- **Data shown**:
○ ○ ○ ○ ○

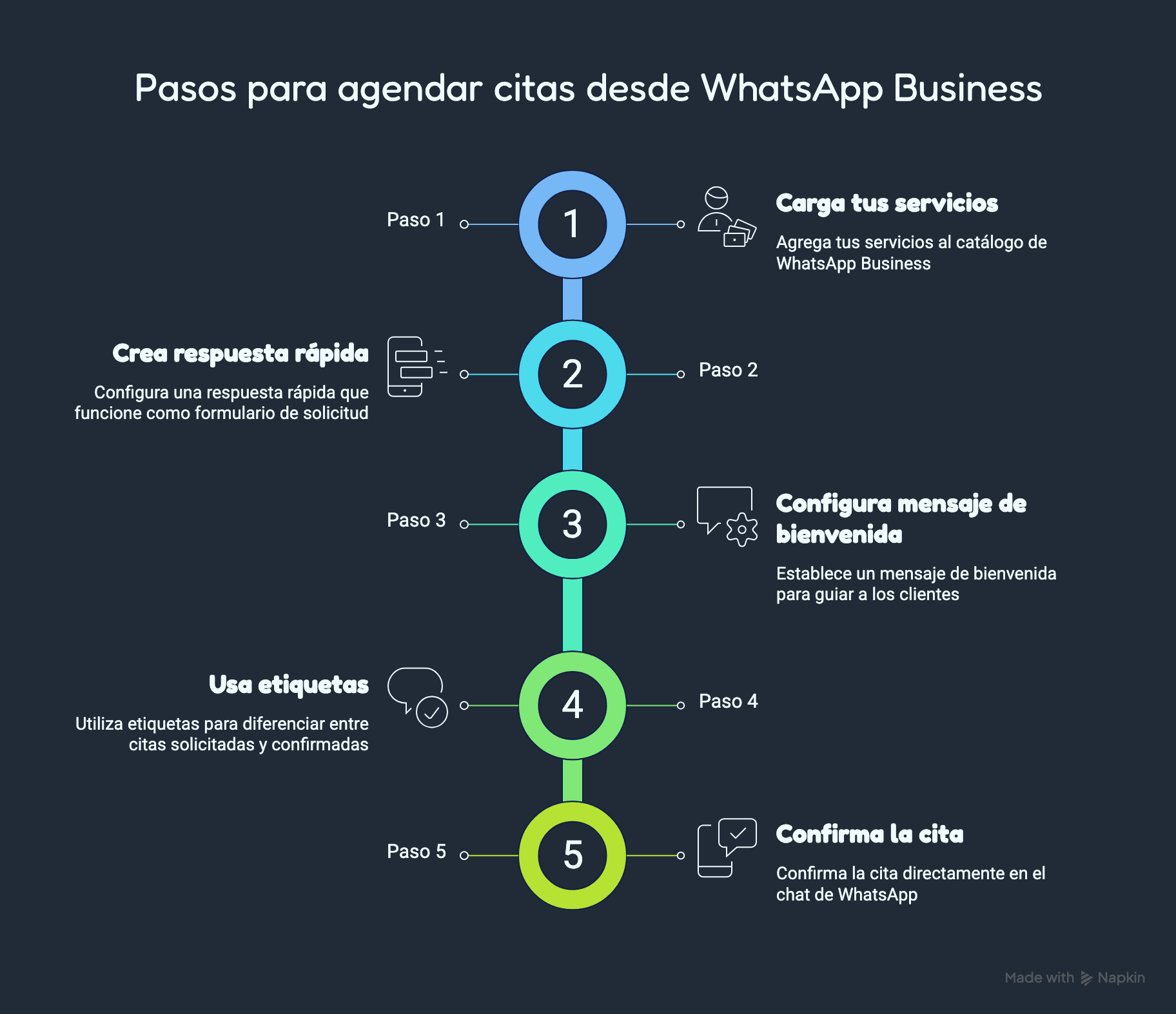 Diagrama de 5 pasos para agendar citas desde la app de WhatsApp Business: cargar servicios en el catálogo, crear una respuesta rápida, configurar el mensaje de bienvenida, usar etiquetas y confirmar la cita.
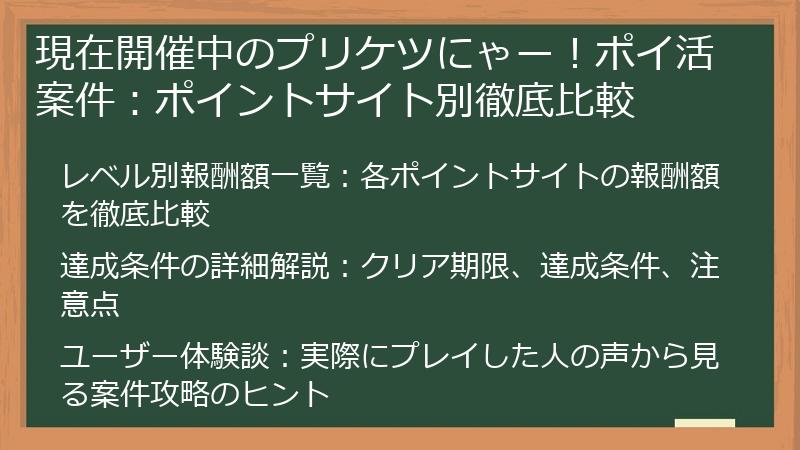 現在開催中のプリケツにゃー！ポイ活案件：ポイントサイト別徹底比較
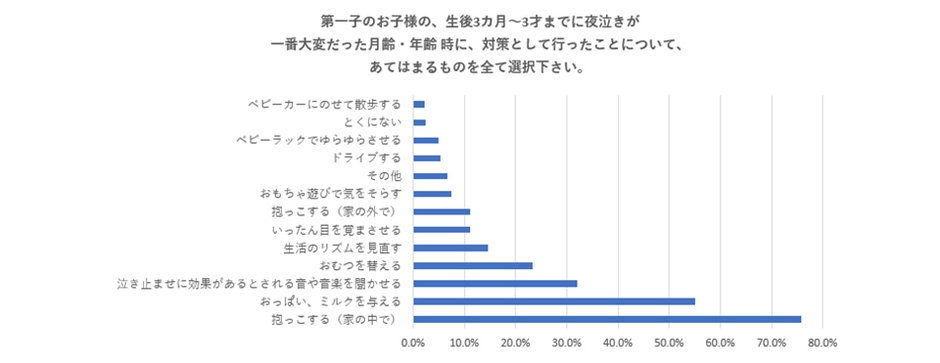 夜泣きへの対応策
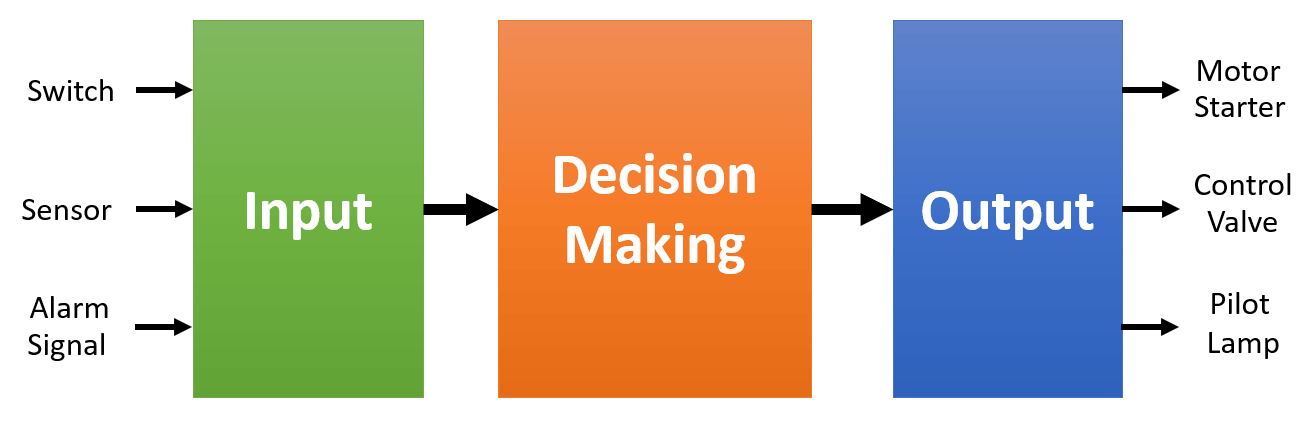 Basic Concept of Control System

○ ○ ○ ○ ○

- **What to work on**: Exact copy, no pictures: please print the data above once more.

- **Reply**:
 Diagrama de 5 pasos para agendar citas desde la app de WhatsApp Business: cargar servicios en el catálogo, crear una respuesta rápida, configurar el mensaje de bienvenida, usar etiquetas y confirmar la cita.
 現在開催中のプリケツにゃー！ポイ活案件：ポイントサイト別徹底比較
 夜泣きへの対応策
 Basic Concept of Control System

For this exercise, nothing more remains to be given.